快適な生活とエコは両立する
長期化が予想される電力不足を見据えて、家電を買い替えるのも一つの方法だ。購入の際の出費はあるものの、長い目で見れば「ランニングコストで回収できる」(和田氏)、つまり月々の電気代が安くなればトータルで節約につながるというわけだ。例えば最新の大型冷蔵庫の方が、10年前に買ったサイズの小さい冷蔵庫よりも消費電力量が少ないケースはよくあるという。
キッチンに「IH」を導入するのも一考だ。調理時に電気を使うことで、むしろ電力消費が大幅に増えるのではと思われるが、鍋やフライパンを熱する際の熱効率が高く、素早く調理できるのでエネルギーを無駄なく使えるのが特徴だ。夏場は、食事の支度で火を使い、部屋が暑くなって仕方なくエアコンの設定温度を下げるということもあるだろう。一方でIHの場合は、加熱の際も鍋などにだけ熱を伝えるために周りの空気を暖めることは少なく、結果的にエアコンの温度をそのままに使えて、設定温度を下げずにすむ。

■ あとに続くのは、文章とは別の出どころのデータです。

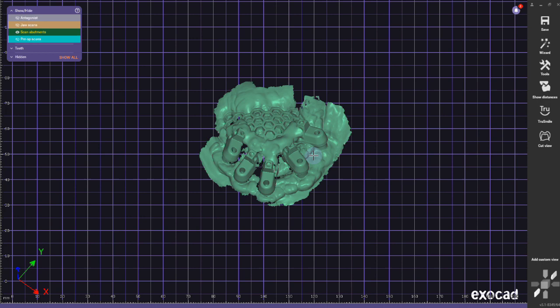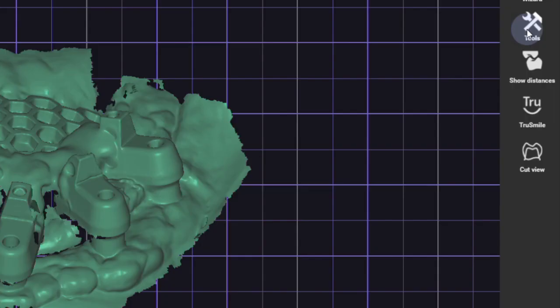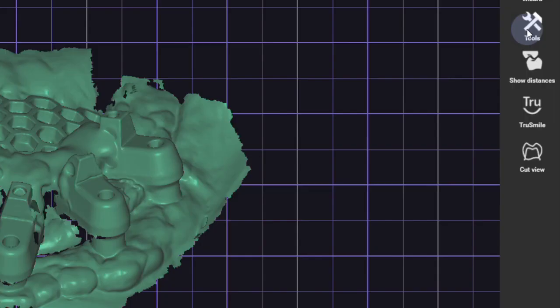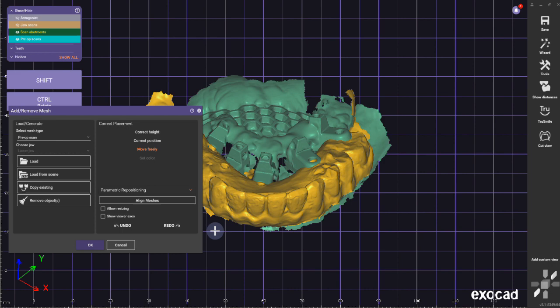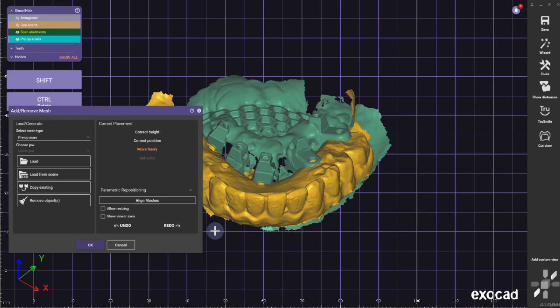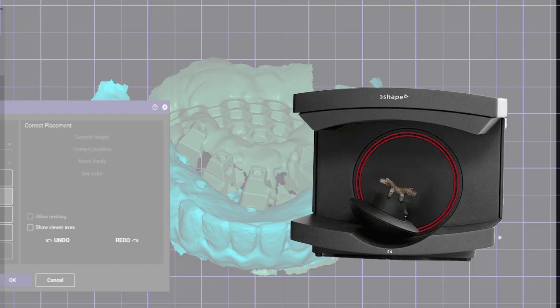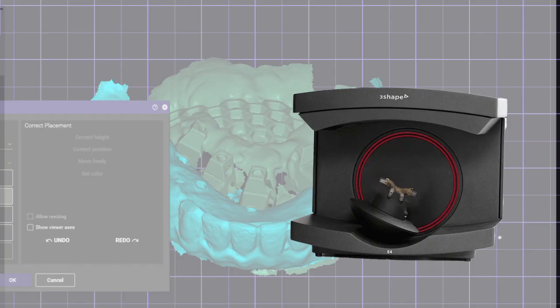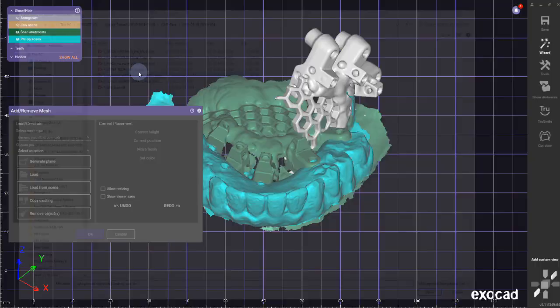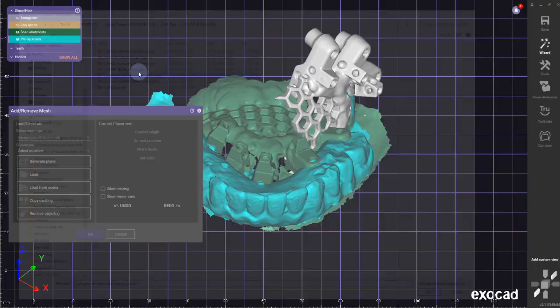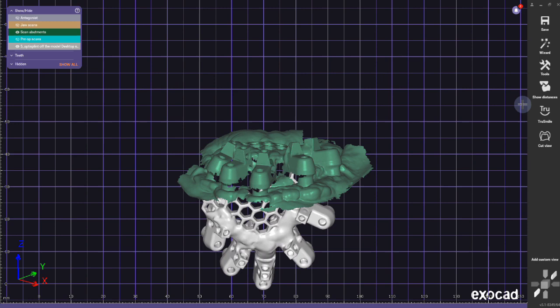This is an IOS scan. If you would align your scan bodies or your references to this, that doesn't work. So you have to take this opti-splint scan body scan and scan it in your desktop scanner. An intraoral scanner does not have enough accuracy, so I scanned it in a desktop scanner and I brought it in.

これまでは、快適な生活を追求すると「ぜいたく」と見られ、エコを徹底すれば「我慢しなければ」という意識が働く傾向があり、快適性とエコはどちらかと言えば相反していた。だが「節電」を「しなければいけない」という義務感ではなく、時間帯をずらしたり新しい機器を導入したりして「楽しく、賢く」実践すれば、エコでありながら快適な生活を保てると和田氏は説明する。